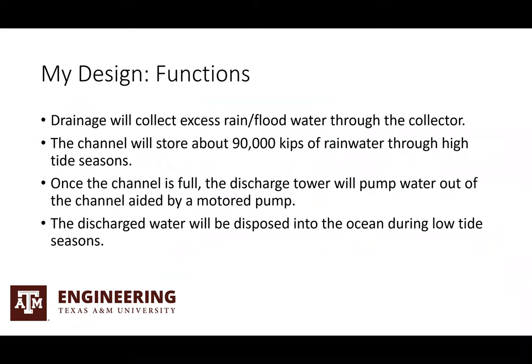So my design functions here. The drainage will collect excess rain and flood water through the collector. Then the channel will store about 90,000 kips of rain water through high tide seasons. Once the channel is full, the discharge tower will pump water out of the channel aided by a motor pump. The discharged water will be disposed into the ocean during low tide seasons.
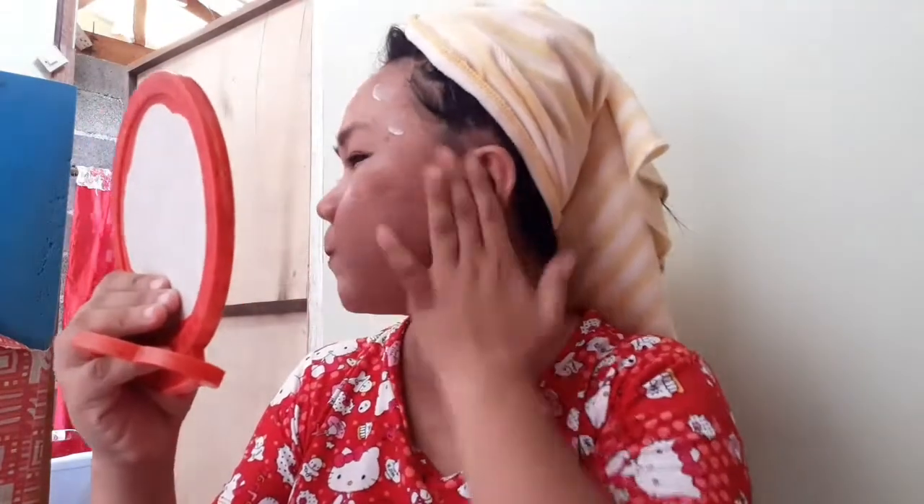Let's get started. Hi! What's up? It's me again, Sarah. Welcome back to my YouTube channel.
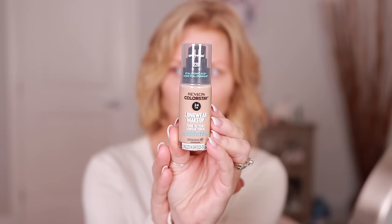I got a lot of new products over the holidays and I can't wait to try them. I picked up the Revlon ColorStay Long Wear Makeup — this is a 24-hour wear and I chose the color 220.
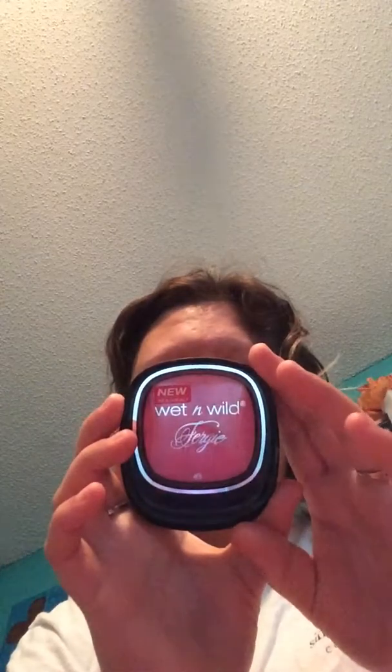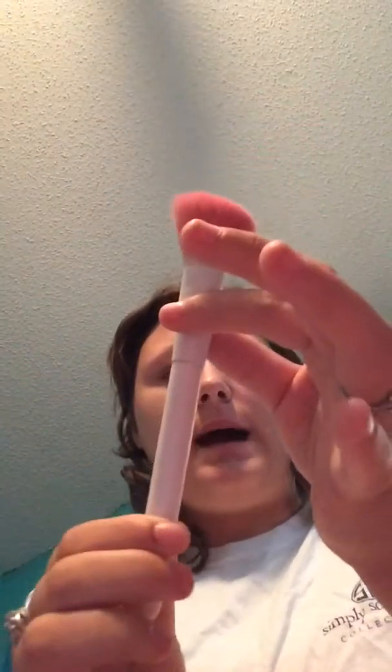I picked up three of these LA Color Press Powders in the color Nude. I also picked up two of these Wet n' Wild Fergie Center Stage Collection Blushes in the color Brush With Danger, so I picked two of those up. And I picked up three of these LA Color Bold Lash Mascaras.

§ §

Every word of the material above should be copied exactly; no pictures.

● **RESPONSE AREA**:
So my design functions here. The drainage will collect excess rain and flood water through the collector. Then the channel will store about 90,000 kips of rain water through high tide seasons. Once the channel is full, the discharge tower will pump water out of the channel aided by a motor pump. The discharged water will be disposed into the ocean during low tide seasons.
Let's get started. Hi! What's up? It's me again, Sarah. Welcome back to my YouTube channel.
I got a lot of new products over the holidays and I can't wait to try them. I picked up the Revlon ColorStay Long Wear Makeup — this is a 24-hour wear and I chose the color 220.
I picked up three of these LA Color Press Powders in the color Nude. I also picked up two of these Wet n' Wild Fergie Center Stage Collection Blushes in the color Brush With Danger, so I picked two of those up. And I picked up three of these LA Color Bold Lash Mascaras.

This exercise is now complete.